Task requirements: The result should be the listing below, restated exactly, with its pictures left out.

Dataset extract:

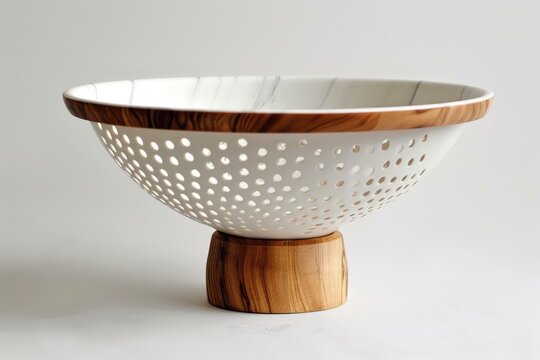 Modern colander with wooden base and marble pattern rim on white background - Powered by Adobe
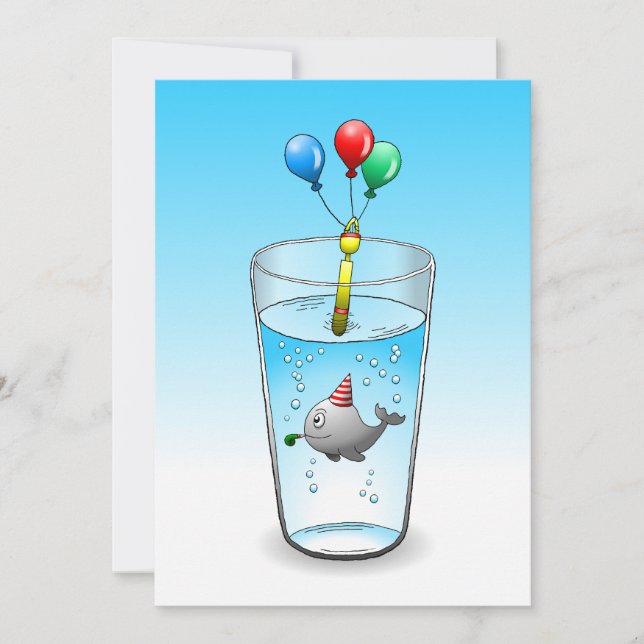 Tarjeta Fiesta de Cumpleaños de Piscina de Ballenas (Anverso)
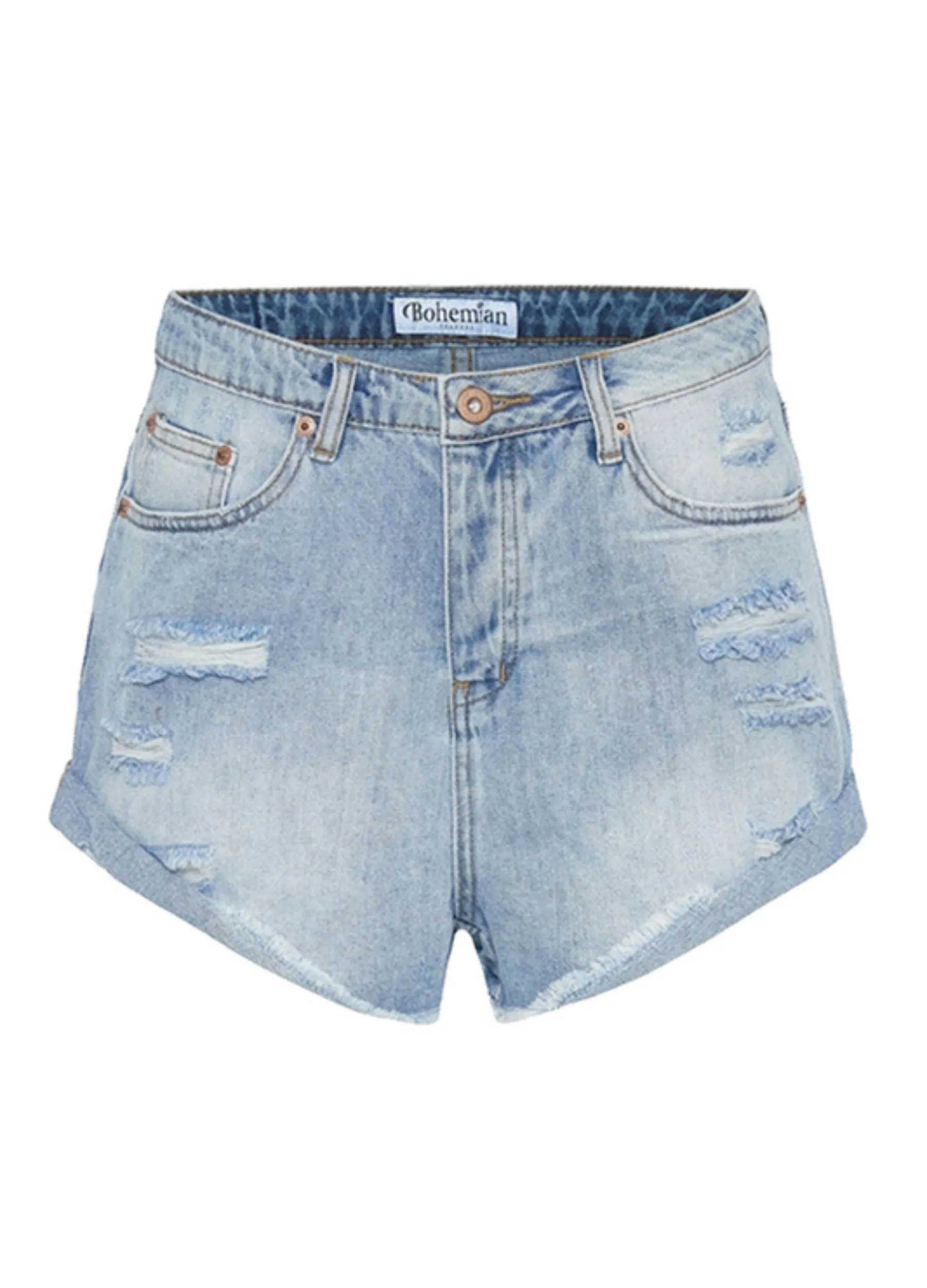 Bohemian Traders - Distressed Short - Light Blue Wash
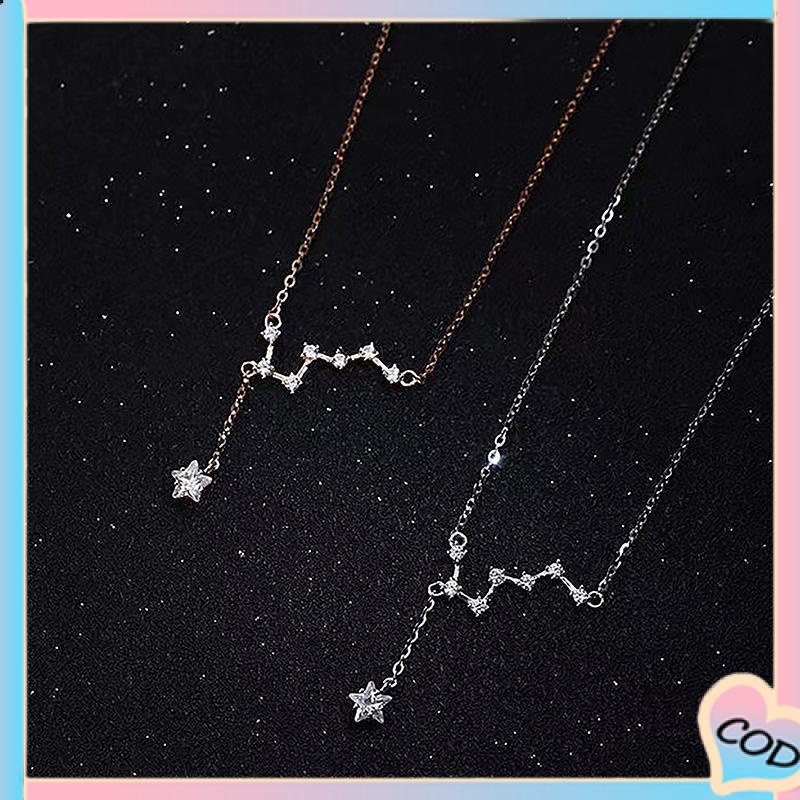 COD❤️ Big Dipper Wanita Trendy Temperamen Cahaya Mewah Desain Niche Rumbai Kalung Indah Sederhana-A.one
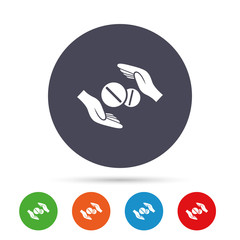 Medical insurance sign. Hand holds pills.
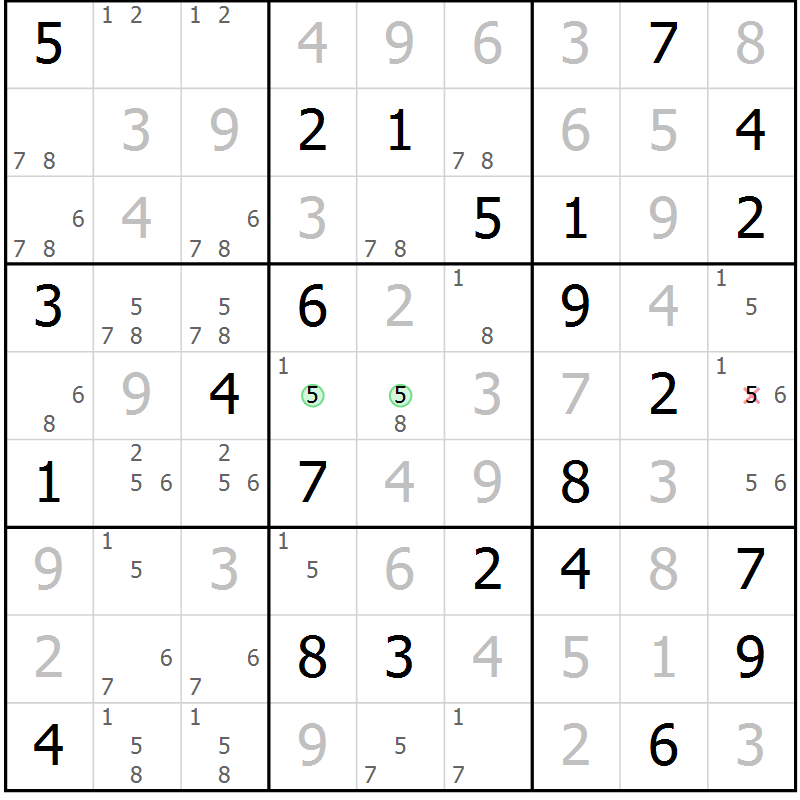 Position des candidats pour la solution de la Gr 45 page 48 du magazine de sudoku Virtuose n° 123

Task output:
 Modern colander with wooden base and marble pattern rim on white background - Powered by Adobe
 Tarjeta Fiesta de Cumpleaños de Piscina de Ballenas (Anverso)
 Bohemian Traders - Distressed Short - Light Blue Wash
 COD❤️ Big Dipper Wanita Trendy Temperamen Cahaya Mewah Desain Niche Rumbai Kalung Indah Sederhana-A.one
 Medical insurance sign. Hand holds pills.
 Position des candidats pour la solution de la Gr 45 page 48 du magazine de sudoku Virtuose n° 123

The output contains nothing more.